Whether you go to Yosemite National Park for the sightseeing attractions and poke around for yourself or take the myriad of Yosemite tours offered, you will find that all of the information which is offered about the park, and more specifically about the Native American Indians’ involvement in the area, promotes their history in the area from 1870 onward and begins the Yosemite Valley area’s story at that date when white men first encountered the Miwok Indians. This was highlighted in recently added signs in the park and that’s when some Native American ancestors of the Paiutes tribe began questioning Yosemite officials on their story.

The Paiutes ancestors are up-in-arms over Yosemite’s choice to rewrite history and promote falsehoods for the convenience of doing so. It turns out that Yosemite officials had met with the Mariposa County’s American Indian Council regarding the American Indian history in the Yosemite area. The problem was that some of the member on that council were descendants of the Miwoks and had incentive to promote their own claim to the Yosemite Valley and reinterpret events and dates to accommodate their interests.

Yosemite National Park officials had originally considered beginning the American Indian cultural interpretation program for the park in advance of 1851, before that first encounter with white men and Indians. But the Miwok Indian ancestors on the council succeeded in convincing Yosemite officials to reinterpret events and dates to begin the history of the Yosemite Valley at 1870 which would highlight their own ancestry. This then omits from history the first actual meeting nineteen years earlier between the white man and the Yosemite Indians, the Paiutes.

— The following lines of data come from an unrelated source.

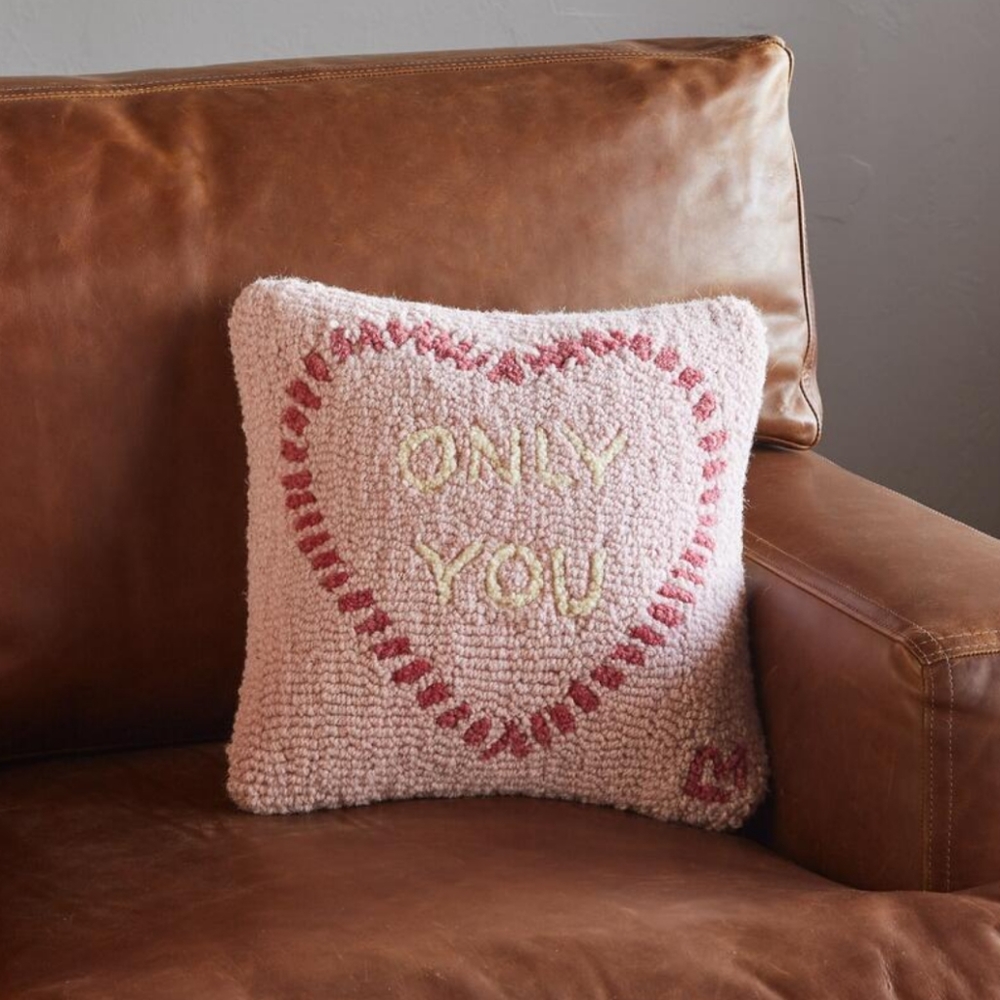 NWT Sundance Handmade Wool Valentine's Only You Pillow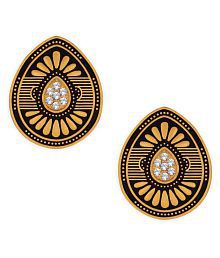 Spargz Designer Tops Alloy Party Wear Gold Oxidized Plated American Diamond Earring For Women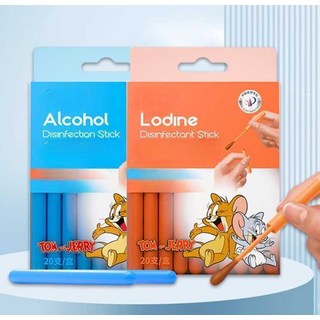 나린제이 일회용포비돈 빨간약 배꼽 휴대용 소독약, 1개, 포타딘딘 소독 스틱 1box (20개)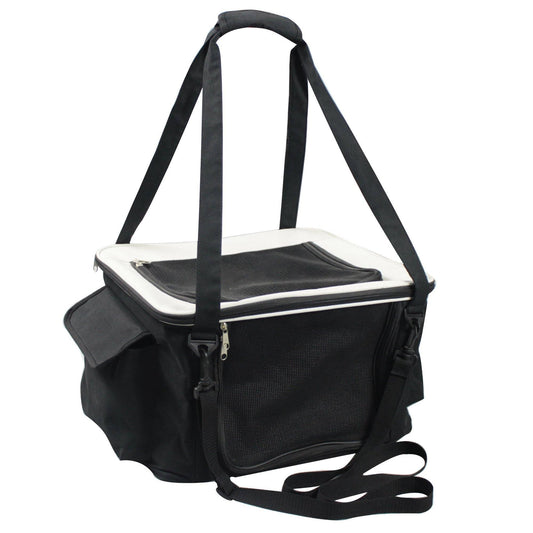 Pet Life ® Lightweight Collapsible Safety Travel Wire Folding Pet Dog Car Seat Carseat Carrier Crate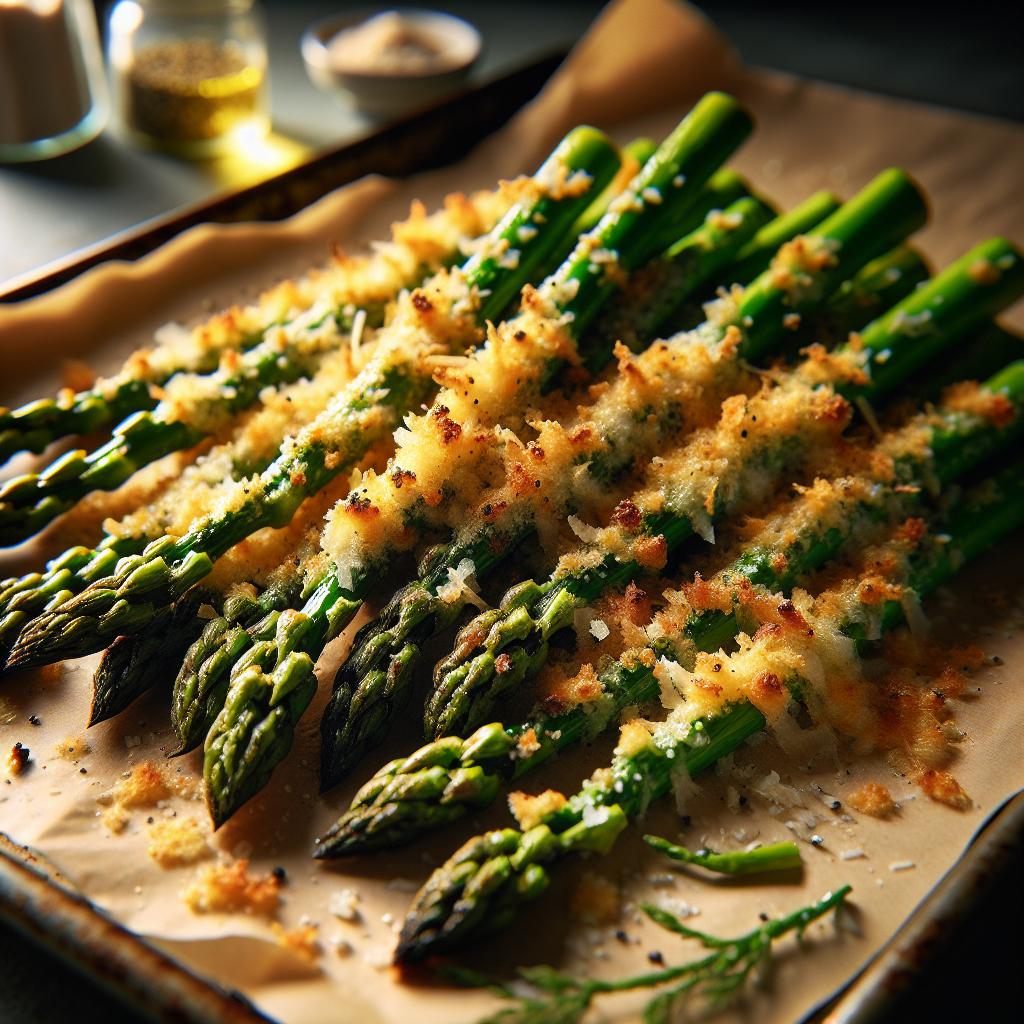 crispy parmesan asparagus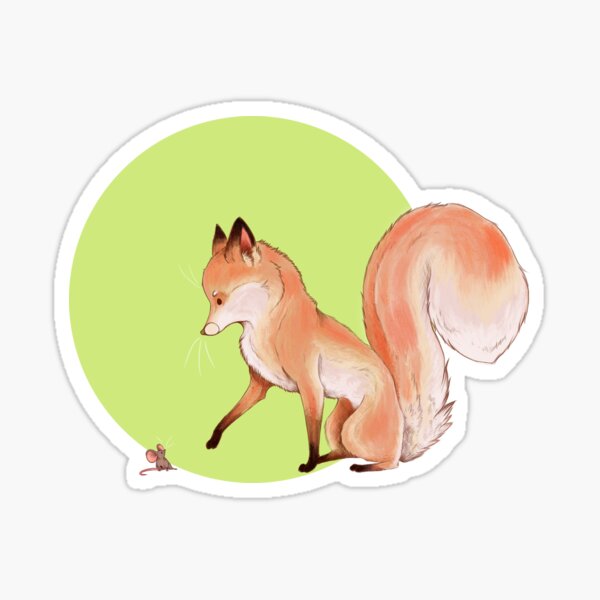 Item preview, Sketch Series: Fox and Mouse designed and sold by Elizynne.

The Paiutes have a legitimate claim to predating the Miwoks in the area and the rock art in the Great Basin confirms this suggestion. Possibly the best evidence of there being an earlier Indian tribe than the Miwok would be the fact that the very name “Yosemite” is the Miwok word for “they are killers”, which referred to the Indians in the Yosemite Valley which they feared. It is suggested by the Paiutes that the Yosemite officials and the Miwoks don’t wish to acknowledge history prior to 1870 because there were bloody battles waged between the Indian tribes, as well as with white men who had come into the area to mine for gold. But the reality is that the truth about Yosemite’s history is much more complex, goes much further back in time, and the details are far different than what is being offered by Yosemite National Park on its origins than what they’re choosing to acknowledge on signs there or what you might hear being perpetuated on all Yosemite tours.